A few points to notice though.
- The `model` must be `long` or `latest_long`. `short` will result in ending the stream after the first utterance.
- One must end the stream to ensure the transcription stops.
### Auto-generated modules
This library uses [`protobuf-elixir`](https://github.com/tony612/protobuf-elixir) and its `protoc-gen-elixir` plugin to generate Elixir modules from `*.proto` files for Google's Speech gRPC API. The documentation for the types defined in `*.proto` files can be found [here](https://cloud.google.com/speech-to-text/docs/reference/rpc/google.cloud.speech.v1)
### Tests
ALL the tests require communication with google, so you must have a google credentials configured to run them in this repo.

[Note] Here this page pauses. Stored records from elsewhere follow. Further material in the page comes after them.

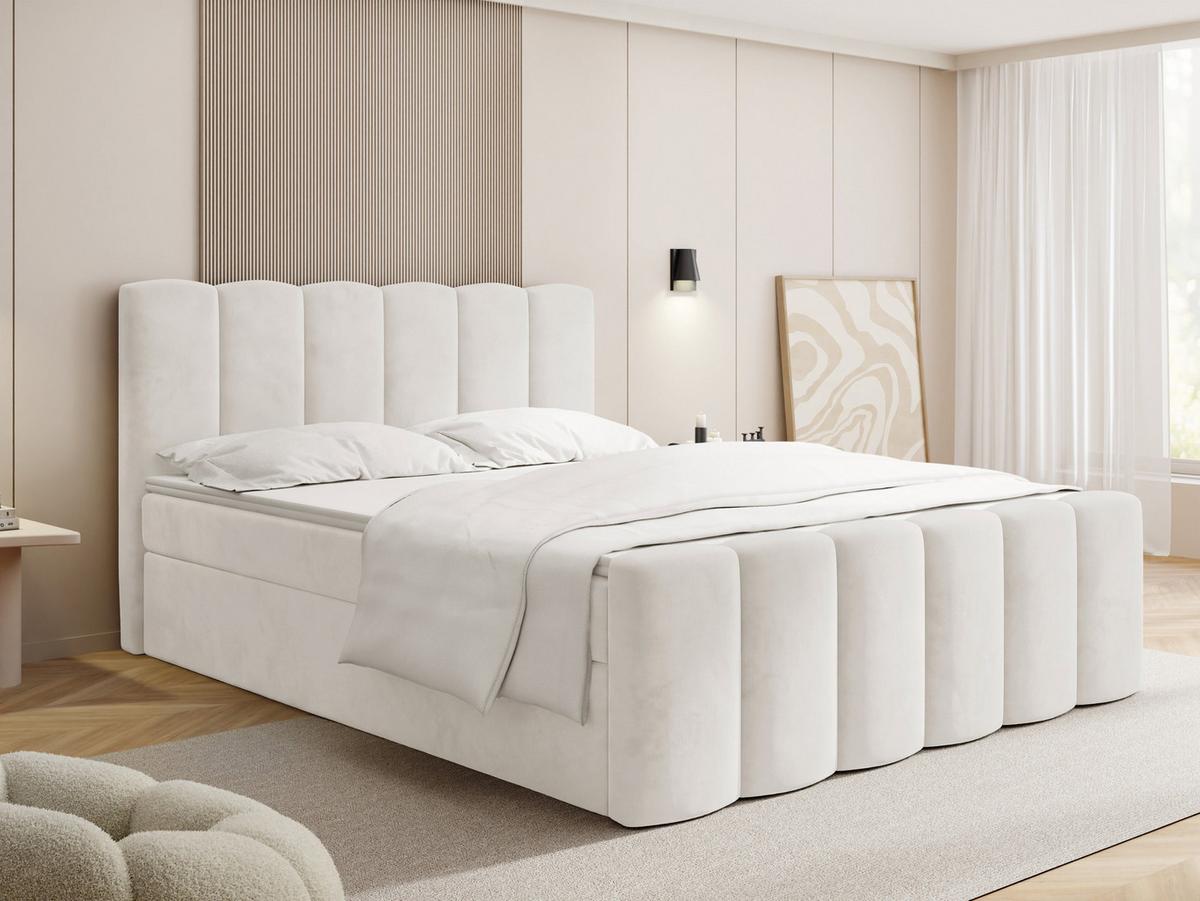 BOXBETT Serenity mit Bettkasten, Samt Creme 140x200 cm – inkl. H4 Taschenfederkern Matratze & Foam Topper - Beige/Creme, Holz/Holzwerkstoff (140/200cm) - WFL GROUP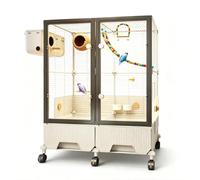 Double-Door Transparent No-Mess Bird Cage W/Seed Guard Large For Parrots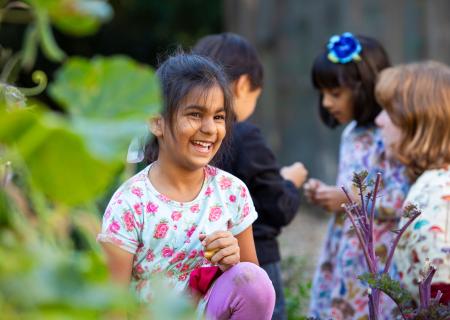Primary student in garden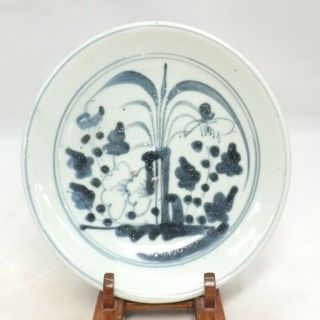 E396: Chinese Plate Of Old Blue - And - White Porcelain With Appropriate Painting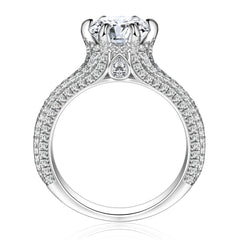 925 Silver 2ct Six-Prong Micro-Pavé Ring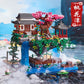 Lego de casa con cascada con luz
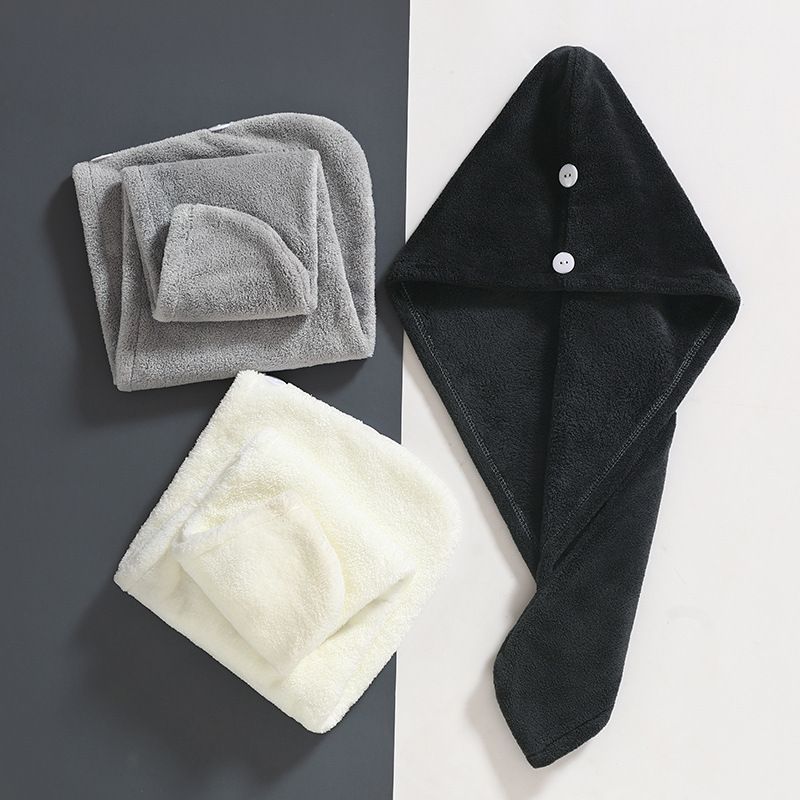 Microfiber Hair Towel, Super Absorbent Hair Turbans for Frizz Head Towels Wrap Drying Towels with Button for Long, Curly (3pcs) — image 2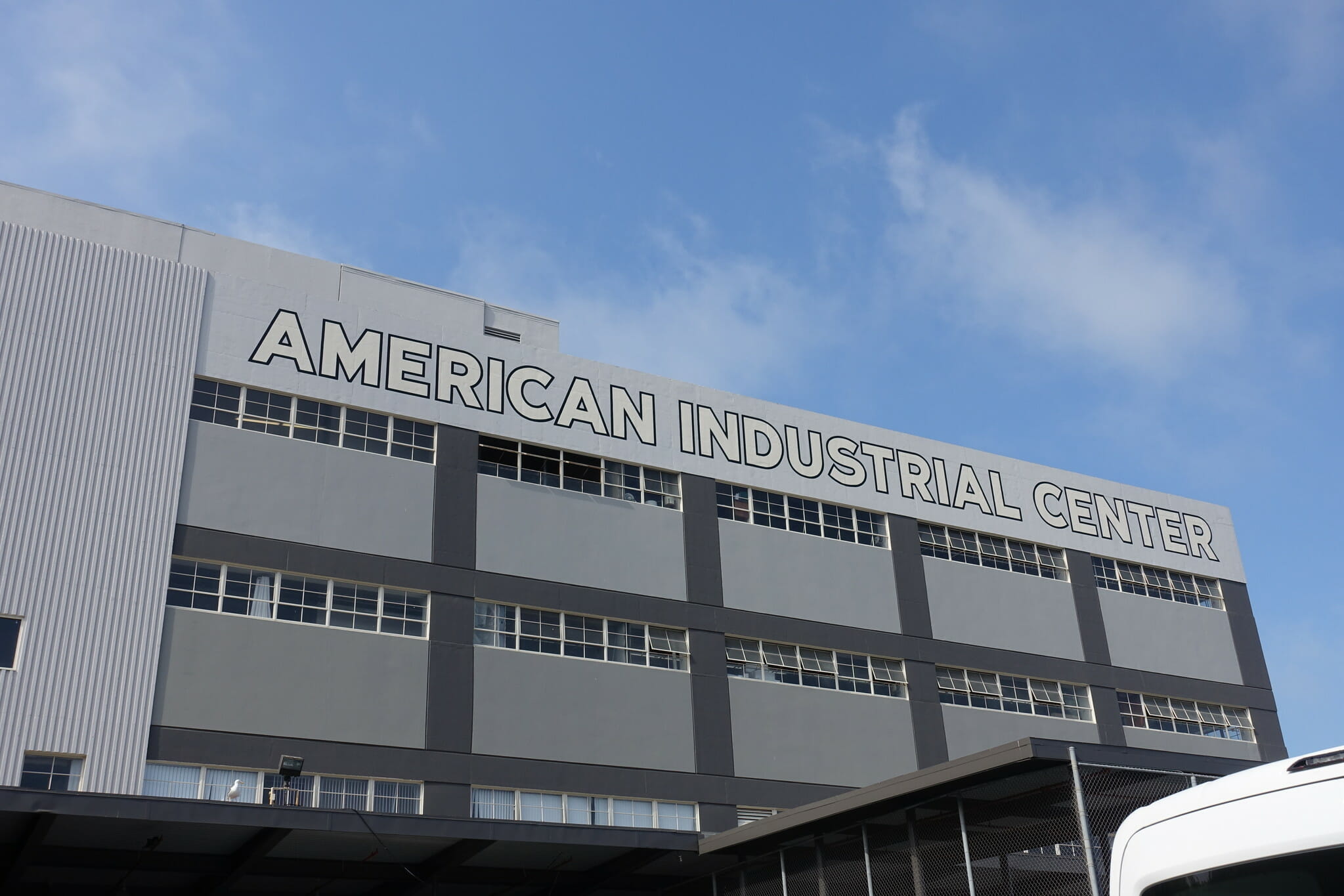 Front of the American Industrial Center Building modern day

Tests with tag `:load_test` are excluded by default, since they can be a bit expensive to run, use `mix test --include load_test` to run them.
#### Fixture
A recording fragment in `test/fixtures` comes from an audiobook
"The adventures of Sherlock Holmes (version 2)" available on [LibriVox](https://librivox.org/the-adventures-of-sherlock-holmes-by-sir-arthur-conan-doyle/)
## Status
Current version of library supports only Streaming API and not tested in production. Treat this as experimental.
## License
Portions of this project are modifications based on work created by [Sofware Mansion](https://swmansion.com/) and used according to terms described in the Apache License 2.0. See [here](https://github.com/software-mansion-labs/elixir-gcloud-speech-grpc) for the original repository.
The work it is not endorsed by or affiliated with the original authors or their organizations.
The modifications are also licensed under Apache License 2.0.